+++ ENTRIES SHOWN

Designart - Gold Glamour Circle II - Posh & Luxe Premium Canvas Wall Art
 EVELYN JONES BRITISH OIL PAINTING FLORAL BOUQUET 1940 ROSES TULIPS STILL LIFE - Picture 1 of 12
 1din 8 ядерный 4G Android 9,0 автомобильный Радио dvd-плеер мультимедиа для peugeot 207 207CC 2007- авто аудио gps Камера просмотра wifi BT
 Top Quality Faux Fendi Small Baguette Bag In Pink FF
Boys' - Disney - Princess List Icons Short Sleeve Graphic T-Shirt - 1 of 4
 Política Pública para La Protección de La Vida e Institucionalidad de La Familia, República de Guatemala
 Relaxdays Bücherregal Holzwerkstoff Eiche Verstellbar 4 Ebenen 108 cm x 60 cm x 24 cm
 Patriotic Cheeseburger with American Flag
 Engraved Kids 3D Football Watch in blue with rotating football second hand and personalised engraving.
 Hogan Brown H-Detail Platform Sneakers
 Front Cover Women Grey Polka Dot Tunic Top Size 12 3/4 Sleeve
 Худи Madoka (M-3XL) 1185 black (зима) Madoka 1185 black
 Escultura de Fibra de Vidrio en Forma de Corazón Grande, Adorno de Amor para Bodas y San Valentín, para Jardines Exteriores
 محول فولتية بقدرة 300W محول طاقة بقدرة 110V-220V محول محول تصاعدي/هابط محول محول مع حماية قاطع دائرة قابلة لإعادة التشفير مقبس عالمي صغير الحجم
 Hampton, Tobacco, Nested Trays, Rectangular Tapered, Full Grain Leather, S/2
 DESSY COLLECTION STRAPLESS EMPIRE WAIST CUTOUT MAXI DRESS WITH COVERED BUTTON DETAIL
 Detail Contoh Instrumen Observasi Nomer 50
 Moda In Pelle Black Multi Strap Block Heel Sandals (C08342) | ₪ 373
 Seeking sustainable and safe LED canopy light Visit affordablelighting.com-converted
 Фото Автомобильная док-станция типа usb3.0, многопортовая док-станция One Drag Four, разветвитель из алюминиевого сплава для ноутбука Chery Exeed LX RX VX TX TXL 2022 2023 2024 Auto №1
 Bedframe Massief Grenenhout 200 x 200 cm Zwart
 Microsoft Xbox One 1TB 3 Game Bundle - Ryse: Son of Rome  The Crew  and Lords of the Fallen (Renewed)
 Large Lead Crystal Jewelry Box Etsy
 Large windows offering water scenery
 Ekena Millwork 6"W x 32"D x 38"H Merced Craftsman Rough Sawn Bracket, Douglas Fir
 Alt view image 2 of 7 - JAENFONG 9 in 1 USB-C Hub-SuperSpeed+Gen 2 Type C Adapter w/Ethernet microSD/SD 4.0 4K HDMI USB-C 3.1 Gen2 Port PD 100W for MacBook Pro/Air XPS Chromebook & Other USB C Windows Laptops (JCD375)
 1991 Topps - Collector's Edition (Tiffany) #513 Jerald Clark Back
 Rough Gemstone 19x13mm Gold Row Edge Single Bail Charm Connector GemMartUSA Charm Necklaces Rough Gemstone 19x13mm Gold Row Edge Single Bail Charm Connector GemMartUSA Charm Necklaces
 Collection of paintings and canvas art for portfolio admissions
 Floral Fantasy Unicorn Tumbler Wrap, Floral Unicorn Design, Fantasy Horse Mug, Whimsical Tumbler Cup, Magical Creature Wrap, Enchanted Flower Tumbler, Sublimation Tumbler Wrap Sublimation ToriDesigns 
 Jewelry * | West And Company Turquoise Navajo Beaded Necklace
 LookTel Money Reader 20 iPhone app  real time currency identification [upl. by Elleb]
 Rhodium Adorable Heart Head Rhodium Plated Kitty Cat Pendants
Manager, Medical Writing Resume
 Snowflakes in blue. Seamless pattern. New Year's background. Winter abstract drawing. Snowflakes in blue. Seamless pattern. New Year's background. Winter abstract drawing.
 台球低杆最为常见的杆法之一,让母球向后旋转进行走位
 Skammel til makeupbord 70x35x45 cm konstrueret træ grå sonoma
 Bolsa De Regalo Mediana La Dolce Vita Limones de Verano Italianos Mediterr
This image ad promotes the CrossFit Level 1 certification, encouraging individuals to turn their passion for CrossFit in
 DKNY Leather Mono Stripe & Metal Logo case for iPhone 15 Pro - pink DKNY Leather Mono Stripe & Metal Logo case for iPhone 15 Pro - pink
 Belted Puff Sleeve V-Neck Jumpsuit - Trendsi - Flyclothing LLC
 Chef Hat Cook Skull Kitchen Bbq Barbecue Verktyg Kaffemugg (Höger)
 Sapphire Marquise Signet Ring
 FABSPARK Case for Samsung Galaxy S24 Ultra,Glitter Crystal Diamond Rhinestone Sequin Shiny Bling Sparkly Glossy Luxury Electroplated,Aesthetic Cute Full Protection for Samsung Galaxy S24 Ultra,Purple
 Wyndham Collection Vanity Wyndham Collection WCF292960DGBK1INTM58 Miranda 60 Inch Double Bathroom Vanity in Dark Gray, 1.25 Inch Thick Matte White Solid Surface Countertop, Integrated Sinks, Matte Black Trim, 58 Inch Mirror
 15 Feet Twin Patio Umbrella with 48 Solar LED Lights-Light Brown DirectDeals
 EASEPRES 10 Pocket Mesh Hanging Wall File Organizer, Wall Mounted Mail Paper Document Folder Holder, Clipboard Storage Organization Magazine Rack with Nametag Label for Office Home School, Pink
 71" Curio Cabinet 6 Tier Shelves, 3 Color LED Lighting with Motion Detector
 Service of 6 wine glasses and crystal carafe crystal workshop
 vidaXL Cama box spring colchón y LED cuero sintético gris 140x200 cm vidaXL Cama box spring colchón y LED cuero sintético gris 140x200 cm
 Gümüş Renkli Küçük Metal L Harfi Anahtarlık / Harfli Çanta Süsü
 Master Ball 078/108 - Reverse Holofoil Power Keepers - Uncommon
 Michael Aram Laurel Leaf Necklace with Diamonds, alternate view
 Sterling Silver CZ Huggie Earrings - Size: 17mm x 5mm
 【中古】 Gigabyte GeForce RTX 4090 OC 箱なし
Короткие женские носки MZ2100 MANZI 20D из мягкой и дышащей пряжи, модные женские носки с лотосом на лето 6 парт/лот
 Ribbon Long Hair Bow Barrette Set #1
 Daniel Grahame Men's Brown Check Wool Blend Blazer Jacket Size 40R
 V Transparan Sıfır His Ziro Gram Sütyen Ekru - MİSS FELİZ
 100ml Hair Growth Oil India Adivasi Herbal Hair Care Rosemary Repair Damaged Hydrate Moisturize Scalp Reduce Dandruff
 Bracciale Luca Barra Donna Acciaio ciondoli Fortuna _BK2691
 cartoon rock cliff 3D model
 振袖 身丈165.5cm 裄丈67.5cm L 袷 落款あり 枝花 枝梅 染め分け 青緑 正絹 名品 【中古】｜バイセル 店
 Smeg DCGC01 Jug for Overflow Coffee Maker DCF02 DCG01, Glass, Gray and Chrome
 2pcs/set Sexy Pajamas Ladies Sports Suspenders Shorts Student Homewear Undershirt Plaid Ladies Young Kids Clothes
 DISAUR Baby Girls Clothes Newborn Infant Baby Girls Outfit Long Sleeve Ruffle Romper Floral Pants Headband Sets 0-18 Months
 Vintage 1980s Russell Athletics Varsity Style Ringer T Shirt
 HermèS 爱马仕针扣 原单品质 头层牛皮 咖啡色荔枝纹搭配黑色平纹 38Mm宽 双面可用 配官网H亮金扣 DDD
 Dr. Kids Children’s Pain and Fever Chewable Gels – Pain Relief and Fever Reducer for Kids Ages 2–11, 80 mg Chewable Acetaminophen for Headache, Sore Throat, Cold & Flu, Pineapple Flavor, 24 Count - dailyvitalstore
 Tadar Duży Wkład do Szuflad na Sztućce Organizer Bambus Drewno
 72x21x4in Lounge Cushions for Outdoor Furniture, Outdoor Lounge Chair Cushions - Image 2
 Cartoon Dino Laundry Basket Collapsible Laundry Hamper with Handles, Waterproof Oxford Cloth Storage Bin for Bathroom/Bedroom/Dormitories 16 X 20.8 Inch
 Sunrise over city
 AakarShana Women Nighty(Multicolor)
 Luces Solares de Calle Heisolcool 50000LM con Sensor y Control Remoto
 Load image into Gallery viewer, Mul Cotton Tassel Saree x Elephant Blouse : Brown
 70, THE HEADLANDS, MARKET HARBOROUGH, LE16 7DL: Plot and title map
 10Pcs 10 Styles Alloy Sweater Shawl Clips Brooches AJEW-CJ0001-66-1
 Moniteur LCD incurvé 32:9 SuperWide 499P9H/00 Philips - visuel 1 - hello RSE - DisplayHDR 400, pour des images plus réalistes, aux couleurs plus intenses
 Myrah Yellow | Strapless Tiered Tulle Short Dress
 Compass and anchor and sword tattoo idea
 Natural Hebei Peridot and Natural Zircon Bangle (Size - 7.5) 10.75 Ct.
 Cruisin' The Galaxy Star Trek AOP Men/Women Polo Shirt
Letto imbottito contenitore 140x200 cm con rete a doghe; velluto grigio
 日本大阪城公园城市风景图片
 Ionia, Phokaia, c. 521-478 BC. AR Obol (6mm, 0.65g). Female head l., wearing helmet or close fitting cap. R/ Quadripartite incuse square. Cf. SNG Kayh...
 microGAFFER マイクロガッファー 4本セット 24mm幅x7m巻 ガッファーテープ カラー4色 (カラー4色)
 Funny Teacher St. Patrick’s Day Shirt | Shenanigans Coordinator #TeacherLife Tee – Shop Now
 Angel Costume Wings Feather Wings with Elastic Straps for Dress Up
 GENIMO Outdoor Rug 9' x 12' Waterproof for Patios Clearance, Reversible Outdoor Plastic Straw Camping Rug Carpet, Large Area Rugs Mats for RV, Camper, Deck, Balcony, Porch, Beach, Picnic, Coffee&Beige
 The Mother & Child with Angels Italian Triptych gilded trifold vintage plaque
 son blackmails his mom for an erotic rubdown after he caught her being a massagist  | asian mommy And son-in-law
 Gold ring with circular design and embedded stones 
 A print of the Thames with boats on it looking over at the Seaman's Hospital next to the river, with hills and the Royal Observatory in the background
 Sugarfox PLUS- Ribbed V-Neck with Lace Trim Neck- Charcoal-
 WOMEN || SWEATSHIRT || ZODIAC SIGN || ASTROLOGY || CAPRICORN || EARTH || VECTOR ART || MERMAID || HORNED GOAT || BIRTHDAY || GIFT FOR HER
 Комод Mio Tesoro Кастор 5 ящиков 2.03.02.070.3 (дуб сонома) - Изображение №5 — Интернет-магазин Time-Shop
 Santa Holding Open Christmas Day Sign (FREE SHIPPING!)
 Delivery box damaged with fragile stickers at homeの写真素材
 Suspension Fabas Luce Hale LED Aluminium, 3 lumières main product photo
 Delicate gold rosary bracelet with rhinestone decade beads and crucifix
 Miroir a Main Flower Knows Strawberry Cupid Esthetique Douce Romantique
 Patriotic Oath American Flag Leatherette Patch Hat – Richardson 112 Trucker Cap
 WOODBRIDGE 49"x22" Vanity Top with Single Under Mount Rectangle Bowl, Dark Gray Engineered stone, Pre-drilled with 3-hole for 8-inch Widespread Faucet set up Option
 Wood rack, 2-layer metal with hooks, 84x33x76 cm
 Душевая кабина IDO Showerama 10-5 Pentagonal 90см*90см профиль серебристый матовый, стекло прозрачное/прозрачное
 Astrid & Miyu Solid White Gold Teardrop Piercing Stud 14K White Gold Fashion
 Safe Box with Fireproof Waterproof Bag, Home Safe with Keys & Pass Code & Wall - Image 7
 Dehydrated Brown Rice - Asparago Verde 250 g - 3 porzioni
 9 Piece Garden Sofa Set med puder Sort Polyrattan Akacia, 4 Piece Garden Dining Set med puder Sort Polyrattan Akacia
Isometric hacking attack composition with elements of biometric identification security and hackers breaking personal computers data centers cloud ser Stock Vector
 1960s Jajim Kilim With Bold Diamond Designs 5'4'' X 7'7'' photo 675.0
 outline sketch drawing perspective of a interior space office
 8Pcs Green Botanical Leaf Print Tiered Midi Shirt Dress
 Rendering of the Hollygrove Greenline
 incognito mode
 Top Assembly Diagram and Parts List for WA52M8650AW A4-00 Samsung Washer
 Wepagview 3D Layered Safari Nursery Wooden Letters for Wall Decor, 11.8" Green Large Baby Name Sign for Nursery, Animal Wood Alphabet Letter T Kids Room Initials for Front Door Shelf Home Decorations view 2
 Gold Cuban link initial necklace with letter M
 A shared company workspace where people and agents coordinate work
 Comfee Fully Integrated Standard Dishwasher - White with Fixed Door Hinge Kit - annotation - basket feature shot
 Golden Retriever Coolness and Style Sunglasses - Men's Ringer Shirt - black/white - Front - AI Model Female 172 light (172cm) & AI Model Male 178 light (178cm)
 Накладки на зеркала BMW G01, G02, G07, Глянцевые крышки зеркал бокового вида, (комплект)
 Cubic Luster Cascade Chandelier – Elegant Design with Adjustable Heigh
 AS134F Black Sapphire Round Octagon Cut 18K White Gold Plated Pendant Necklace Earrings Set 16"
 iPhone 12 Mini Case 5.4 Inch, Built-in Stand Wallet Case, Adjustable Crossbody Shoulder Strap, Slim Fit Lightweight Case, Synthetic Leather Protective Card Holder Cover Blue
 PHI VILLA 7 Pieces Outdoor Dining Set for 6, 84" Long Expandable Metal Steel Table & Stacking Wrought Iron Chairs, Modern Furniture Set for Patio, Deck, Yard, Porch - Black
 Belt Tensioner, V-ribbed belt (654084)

++++++

WHAT TO WORK ON: What do the lines above say from the one containing "Funny Teacher St." down to the one containing "Isometric hacking attack"? Return them exactly, both end lines included, and only them.

RESULT OF THE TASK:
 Funny Teacher St. Patrick’s Day Shirt | Shenanigans Coordinator #TeacherLife Tee – Shop Now
 Angel Costume Wings Feather Wings with Elastic Straps for Dress Up
 GENIMO Outdoor Rug 9' x 12' Waterproof for Patios Clearance, Reversible Outdoor Plastic Straw Camping Rug Carpet, Large Area Rugs Mats for RV, Camper, Deck, Balcony, Porch, Beach, Picnic, Coffee&Beige
 The Mother & Child with Angels Italian Triptych gilded trifold vintage plaque
 son blackmails his mom for an erotic rubdown after he caught her being a massagist  | asian mommy And son-in-law
 Gold ring with circular design and embedded stones 
 A print of the Thames with boats on it looking over at the Seaman's Hospital next to the river, with hills and the Royal Observatory in the background
 Sugarfox PLUS- Ribbed V-Neck with Lace Trim Neck- Charcoal-
 WOMEN || SWEATSHIRT || ZODIAC SIGN || ASTROLOGY || CAPRICORN || EARTH || VECTOR ART || MERMAID || HORNED GOAT || BIRTHDAY || GIFT FOR HER
 Комод Mio Tesoro Кастор 5 ящиков 2.03.02.070.3 (дуб сонома) - Изображение №5 — Интернет-магазин Time-Shop
 Santa Holding Open Christmas Day Sign (FREE SHIPPING!)
 Delivery box damaged with fragile stickers at homeの写真素材
 Suspension Fabas Luce Hale LED Aluminium, 3 lumières main product photo
 Delicate gold rosary bracelet with rhinestone decade beads and crucifix
 Miroir a Main Flower Knows Strawberry Cupid Esthetique Douce Romantique
 Patriotic Oath American Flag Leatherette Patch Hat – Richardson 112 Trucker Cap
 WOODBRIDGE 49"x22" Vanity Top with Single Under Mount Rectangle Bowl, Dark Gray Engineered stone, Pre-drilled with 3-hole for 8-inch Widespread Faucet set up Option
 Wood rack, 2-layer metal with hooks, 84x33x76 cm
 Душевая кабина IDO Showerama 10-5 Pentagonal 90см*90см профиль серебристый матовый, стекло прозрачное/прозрачное
 Astrid & Miyu Solid White Gold Teardrop Piercing Stud 14K White Gold Fashion
 Safe Box with Fireproof Waterproof Bag, Home Safe with Keys & Pass Code & Wall - Image 7
 Dehydrated Brown Rice - Asparago Verde 250 g - 3 porzioni
 9 Piece Garden Sofa Set med puder Sort Polyrattan Akacia, 4 Piece Garden Dining Set med puder Sort Polyrattan Akacia
Isometric hacking attack composition with elements of biometric identification security and hackers breaking personal computers data centers cloud ser Stock Vector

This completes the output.